Quanto ao crescimento do PIB, ou melhor ao abrandamento da sua queda, é uma excelente notícia. Se a tendência se mantiver estaremos dentro das previsões orçamentais ou acima das previsões orçamentais. E isso é uma excelente notícia porque significa que a necessidade de reforçar as medidas de austeridade seja diminuta.

O PS diz apenas que é preciso terminar com a política de austeridade. Fazendo uso da sua habitual imaginação diz apenas isto ignorando olimpicamente que se não fosse essa austeridade a troyka não teria "entregado os cheques" que tanta falta nos vêm fazendo depois do estado em que os governos de Sócrates deixaram as contas do país. Negar a necessidade dessas medidas pela simples constatação de que sem elas não teria chegado a ajuda externa é ser no mínimo estúpido.

O que eu gostava que acontecesse era ver s partidos algo contentes por perceber que o sofrimento do povo português pode ter chegado a um ponto de viragem. E que isso pode significar mais esperança e melhor vida para aqueles a quem tanto mal vem acontecendo.

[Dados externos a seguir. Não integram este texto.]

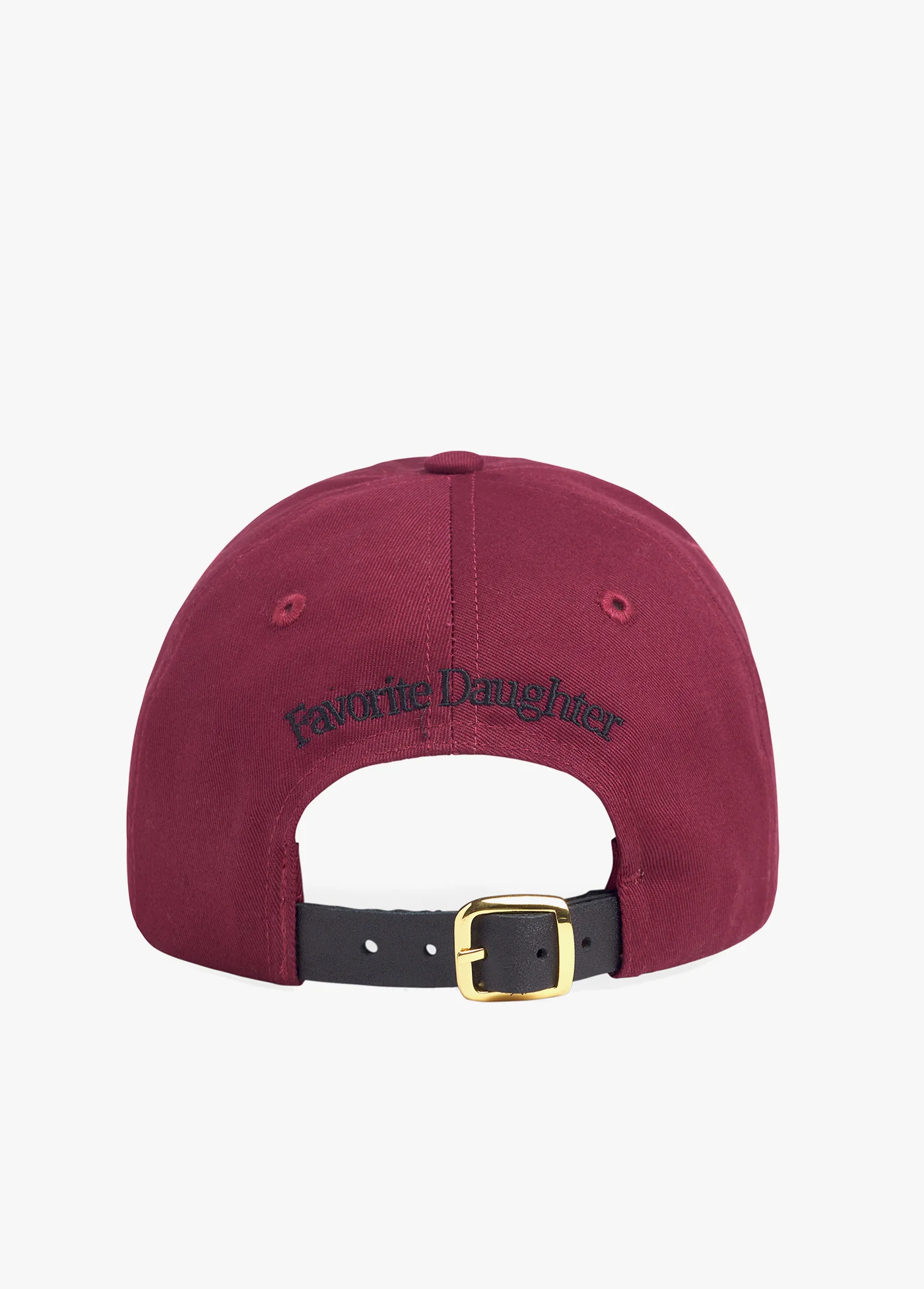 THE BASEBALL CAP WITH LEATHER STRAP - Image 3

Mas a política é uma coisa podre e o povo importa para as forças políticas na medida em que lhes pode dar mais poder. Porque isso é a única coisa que interessa. O poder. E para isso perante sinais positivos distorce-se e manipula-se uma realidade que as pessoas começam a sentir. E com isso vem o optimismo que pode fazer o país sair do buraco.

Num momento em que estamos á beira de eleições autárquicas isso é o que a Esquerda menos deseja. Porque estes fenómenos são incontroláveis. Como irá reagir a população a sinais de optimismo ainda que cauteloso? Será que esse efeito se vai multiplicar e causar ainda mais impeto na recuperação?

É provável que isto signifique uma derrota menos pesada para o PSD nas autárquicas e que os níveis do PSD nas sondagens comecem a subir.
Percebeu-se isso com a crise Passos/Portas e percebe-se agora ainda mais. Vendo isto até apetece perguntar se a carta de Vitor Gaspar não reflectiria já isto e tal como ele escreveu preferia sair e ver uma nova cara associada a este novo ciclo (que está referido na carta de demissão de Vitor Gaspar).

Maus tempos se avizinham para estas forças de esquerda, esmagadas pela realidade e sem discurso coerente completamente desligado da realidade.

Porque será que tantos lhes custa dizer que são sinais positivos mas tímidos e pouco estáveis? Porque são isso mesmo. O próprio governo o fez e pediu cautela na sua apreciação.

Mas é-lhes impossível reconhecer mérito noutros que não sejam eles. Tudo o que os outros fazem é errado e tudo o que eles fazem está certo.
É caso para perguntar se o que eles aplaudiam como bom para os regimes de Leste é de alguma forma "o que está certo".